**Task to carry out**
Transcribe exactly the lines that fall between the one holding "And the free" and the one holding "What's going on", inclusive, from the entries below.

**Supplied data**
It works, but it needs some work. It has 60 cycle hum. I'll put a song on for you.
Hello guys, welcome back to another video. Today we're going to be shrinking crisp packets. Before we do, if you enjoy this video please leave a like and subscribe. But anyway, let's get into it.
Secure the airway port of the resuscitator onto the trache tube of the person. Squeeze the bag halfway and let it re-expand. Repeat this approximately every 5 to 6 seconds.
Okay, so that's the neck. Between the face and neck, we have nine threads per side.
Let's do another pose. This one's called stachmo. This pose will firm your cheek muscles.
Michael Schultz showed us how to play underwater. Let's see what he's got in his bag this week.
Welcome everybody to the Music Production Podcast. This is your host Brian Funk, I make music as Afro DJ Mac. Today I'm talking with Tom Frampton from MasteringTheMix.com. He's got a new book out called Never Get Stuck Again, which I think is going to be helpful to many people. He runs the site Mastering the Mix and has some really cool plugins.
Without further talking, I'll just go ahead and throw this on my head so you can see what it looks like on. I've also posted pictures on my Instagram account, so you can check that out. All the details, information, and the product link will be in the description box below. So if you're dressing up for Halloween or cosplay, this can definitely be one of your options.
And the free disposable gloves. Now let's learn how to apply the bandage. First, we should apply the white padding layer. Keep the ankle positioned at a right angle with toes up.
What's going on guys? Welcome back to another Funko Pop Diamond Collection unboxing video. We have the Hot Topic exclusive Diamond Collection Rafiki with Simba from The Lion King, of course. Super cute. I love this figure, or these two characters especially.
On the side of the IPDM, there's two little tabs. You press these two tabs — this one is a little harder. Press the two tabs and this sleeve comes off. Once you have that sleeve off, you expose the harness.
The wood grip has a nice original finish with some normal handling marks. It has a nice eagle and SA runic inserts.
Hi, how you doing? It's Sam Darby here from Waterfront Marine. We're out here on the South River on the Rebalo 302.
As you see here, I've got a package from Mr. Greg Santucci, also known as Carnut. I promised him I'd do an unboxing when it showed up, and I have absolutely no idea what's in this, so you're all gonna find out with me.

**Exercise answer**
And the free disposable gloves. Now let's learn how to apply the bandage. First, we should apply the white padding layer. Keep the ankle positioned at a right angle with toes up.
What's going on guys? Welcome back to another Funko Pop Diamond Collection unboxing video. We have the Hot Topic exclusive Diamond Collection Rafiki with Simba from The Lion King, of course. Super cute. I love this figure, or these two characters especially.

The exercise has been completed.